[Start of section]

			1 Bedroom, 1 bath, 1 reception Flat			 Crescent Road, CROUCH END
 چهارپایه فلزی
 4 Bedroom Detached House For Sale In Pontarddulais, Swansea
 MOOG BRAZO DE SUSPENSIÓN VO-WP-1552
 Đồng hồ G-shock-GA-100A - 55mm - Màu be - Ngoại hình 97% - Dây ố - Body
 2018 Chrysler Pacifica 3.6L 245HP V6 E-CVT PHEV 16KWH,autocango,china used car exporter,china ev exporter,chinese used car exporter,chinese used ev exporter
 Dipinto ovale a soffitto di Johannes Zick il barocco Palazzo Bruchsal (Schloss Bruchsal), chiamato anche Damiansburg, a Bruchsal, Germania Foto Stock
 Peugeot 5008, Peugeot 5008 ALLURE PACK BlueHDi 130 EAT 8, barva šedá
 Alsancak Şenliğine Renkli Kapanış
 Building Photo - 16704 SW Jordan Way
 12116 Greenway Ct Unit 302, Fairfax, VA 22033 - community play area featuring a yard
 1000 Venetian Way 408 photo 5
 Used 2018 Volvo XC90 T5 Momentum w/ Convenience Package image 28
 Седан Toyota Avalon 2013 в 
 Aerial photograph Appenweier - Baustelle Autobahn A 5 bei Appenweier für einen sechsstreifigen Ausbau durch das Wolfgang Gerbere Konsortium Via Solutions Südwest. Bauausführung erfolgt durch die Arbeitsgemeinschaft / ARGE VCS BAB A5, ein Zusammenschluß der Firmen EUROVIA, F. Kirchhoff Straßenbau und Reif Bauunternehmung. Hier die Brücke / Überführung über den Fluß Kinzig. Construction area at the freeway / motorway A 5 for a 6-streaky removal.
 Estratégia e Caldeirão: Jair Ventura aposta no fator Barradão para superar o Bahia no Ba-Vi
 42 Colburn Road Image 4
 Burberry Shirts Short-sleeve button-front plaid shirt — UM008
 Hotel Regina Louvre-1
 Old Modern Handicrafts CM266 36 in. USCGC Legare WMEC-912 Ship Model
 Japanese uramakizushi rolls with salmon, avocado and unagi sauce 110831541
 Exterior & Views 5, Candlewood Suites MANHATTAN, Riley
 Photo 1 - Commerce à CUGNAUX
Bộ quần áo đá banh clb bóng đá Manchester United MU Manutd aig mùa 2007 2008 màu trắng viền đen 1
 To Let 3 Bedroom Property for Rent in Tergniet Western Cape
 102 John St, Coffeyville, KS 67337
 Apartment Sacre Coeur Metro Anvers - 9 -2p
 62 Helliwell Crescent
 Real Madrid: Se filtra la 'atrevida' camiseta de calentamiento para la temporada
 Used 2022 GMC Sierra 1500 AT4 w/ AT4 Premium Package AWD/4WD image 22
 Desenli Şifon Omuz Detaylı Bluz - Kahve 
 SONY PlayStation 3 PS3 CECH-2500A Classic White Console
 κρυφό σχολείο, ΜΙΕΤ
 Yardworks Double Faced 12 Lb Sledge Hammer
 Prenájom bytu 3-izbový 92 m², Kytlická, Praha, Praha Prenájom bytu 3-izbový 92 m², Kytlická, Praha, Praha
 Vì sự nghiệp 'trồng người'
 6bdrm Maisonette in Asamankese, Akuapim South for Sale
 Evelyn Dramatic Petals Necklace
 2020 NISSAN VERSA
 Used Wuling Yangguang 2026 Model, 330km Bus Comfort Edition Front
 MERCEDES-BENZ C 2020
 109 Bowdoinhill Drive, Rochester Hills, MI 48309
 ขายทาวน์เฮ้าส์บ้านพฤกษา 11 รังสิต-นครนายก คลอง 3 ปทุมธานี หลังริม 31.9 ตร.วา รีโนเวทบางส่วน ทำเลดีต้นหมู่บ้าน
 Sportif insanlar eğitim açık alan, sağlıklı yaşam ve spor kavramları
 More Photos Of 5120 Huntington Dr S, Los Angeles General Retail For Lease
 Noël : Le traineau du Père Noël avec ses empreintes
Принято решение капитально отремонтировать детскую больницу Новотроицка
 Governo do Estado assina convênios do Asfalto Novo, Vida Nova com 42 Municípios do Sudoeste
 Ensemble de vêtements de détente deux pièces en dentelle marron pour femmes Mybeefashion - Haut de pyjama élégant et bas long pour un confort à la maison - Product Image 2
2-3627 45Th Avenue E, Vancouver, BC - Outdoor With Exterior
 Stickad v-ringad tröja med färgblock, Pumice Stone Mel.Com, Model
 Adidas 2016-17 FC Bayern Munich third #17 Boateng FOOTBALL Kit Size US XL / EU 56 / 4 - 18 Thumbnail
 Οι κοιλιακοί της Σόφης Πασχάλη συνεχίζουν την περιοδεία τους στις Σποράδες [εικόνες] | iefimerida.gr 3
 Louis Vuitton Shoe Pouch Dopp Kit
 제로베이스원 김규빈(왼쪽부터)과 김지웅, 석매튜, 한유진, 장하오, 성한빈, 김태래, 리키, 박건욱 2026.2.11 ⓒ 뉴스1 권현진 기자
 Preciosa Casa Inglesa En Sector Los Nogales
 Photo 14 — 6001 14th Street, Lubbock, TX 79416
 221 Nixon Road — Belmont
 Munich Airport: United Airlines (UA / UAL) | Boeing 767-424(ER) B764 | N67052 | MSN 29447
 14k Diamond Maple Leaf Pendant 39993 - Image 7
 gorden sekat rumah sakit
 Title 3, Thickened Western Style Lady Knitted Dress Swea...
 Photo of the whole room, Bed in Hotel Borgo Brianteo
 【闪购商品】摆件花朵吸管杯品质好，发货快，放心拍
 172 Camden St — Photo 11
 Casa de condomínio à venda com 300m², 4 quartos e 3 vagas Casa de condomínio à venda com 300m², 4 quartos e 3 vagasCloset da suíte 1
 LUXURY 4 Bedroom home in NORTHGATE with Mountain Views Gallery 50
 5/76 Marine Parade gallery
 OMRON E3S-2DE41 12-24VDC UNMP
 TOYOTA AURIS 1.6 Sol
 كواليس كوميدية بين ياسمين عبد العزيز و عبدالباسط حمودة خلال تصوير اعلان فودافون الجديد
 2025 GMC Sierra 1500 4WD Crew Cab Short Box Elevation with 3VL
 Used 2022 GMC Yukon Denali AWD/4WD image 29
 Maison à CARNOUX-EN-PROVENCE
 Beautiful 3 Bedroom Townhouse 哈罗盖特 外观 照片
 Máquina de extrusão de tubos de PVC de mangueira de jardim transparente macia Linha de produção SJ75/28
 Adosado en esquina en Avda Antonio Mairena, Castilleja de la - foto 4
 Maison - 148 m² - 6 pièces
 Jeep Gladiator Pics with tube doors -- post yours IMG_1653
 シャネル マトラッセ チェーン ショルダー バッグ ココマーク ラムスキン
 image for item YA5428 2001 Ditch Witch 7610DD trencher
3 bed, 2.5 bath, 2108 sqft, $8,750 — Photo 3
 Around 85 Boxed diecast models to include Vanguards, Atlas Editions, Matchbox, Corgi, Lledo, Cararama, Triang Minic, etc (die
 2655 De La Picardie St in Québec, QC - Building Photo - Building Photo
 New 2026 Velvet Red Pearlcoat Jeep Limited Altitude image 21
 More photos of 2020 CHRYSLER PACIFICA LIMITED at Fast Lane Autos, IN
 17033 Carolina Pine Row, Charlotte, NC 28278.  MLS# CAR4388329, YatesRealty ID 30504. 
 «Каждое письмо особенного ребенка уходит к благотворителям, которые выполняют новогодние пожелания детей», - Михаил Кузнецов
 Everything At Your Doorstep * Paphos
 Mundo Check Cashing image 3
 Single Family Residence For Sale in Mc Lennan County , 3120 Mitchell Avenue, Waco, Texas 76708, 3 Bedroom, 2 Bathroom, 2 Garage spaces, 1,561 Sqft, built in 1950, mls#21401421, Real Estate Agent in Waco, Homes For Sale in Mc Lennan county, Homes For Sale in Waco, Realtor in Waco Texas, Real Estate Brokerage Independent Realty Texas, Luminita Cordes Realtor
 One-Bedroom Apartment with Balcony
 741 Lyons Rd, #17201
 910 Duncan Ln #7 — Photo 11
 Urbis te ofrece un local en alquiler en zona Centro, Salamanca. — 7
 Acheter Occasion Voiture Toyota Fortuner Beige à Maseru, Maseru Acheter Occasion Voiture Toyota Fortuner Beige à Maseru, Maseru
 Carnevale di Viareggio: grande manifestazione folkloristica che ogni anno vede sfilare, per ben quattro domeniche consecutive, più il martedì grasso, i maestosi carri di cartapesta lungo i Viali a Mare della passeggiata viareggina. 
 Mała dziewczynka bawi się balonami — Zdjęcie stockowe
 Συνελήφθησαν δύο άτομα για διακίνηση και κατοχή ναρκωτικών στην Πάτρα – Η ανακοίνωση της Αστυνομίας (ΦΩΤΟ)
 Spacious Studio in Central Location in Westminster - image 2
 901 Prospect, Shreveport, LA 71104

[End of section]

• [Task]:
From the first line of the data above through the line containing "Japanese uramakizushi rolls", repeat each line exactly, and add nothing.

• [Final answer]:
			1 Bedroom, 1 bath, 1 reception Flat			 Crescent Road, CROUCH END
 چهارپایه فلزی
 4 Bedroom Detached House For Sale In Pontarddulais, Swansea
 MOOG BRAZO DE SUSPENSIÓN VO-WP-1552
 Đồng hồ G-shock-GA-100A - 55mm - Màu be - Ngoại hình 97% - Dây ố - Body
 2018 Chrysler Pacifica 3.6L 245HP V6 E-CVT PHEV 16KWH,autocango,china used car exporter,china ev exporter,chinese used car exporter,chinese used ev exporter
 Dipinto ovale a soffitto di Johannes Zick il barocco Palazzo Bruchsal (Schloss Bruchsal), chiamato anche Damiansburg, a Bruchsal, Germania Foto Stock
 Peugeot 5008, Peugeot 5008 ALLURE PACK BlueHDi 130 EAT 8, barva šedá
 Alsancak Şenliğine Renkli Kapanış
 Building Photo - 16704 SW Jordan Way
 12116 Greenway Ct Unit 302, Fairfax, VA 22033 - community play area featuring a yard
 1000 Venetian Way 408 photo 5
 Used 2018 Volvo XC90 T5 Momentum w/ Convenience Package image 28
 Седан Toyota Avalon 2013 в 
 Aerial photograph Appenweier - Baustelle Autobahn A 5 bei Appenweier für einen sechsstreifigen Ausbau durch das Wolfgang Gerbere Konsortium Via Solutions Südwest. Bauausführung erfolgt durch die Arbeitsgemeinschaft / ARGE VCS BAB A5, ein Zusammenschluß der Firmen EUROVIA, F. Kirchhoff Straßenbau und Reif Bauunternehmung. Hier die Brücke / Überführung über den Fluß Kinzig. Construction area at the freeway / motorway A 5 for a 6-streaky removal.
 Estratégia e Caldeirão: Jair Ventura aposta no fator Barradão para superar o Bahia no Ba-Vi
 42 Colburn Road Image 4
 Burberry Shirts Short-sleeve button-front plaid shirt — UM008
 Hotel Regina Louvre-1
 Old Modern Handicrafts CM266 36 in. USCGC Legare WMEC-912 Ship Model
 Japanese uramakizushi rolls with salmon, avocado and unagi sauce 110831541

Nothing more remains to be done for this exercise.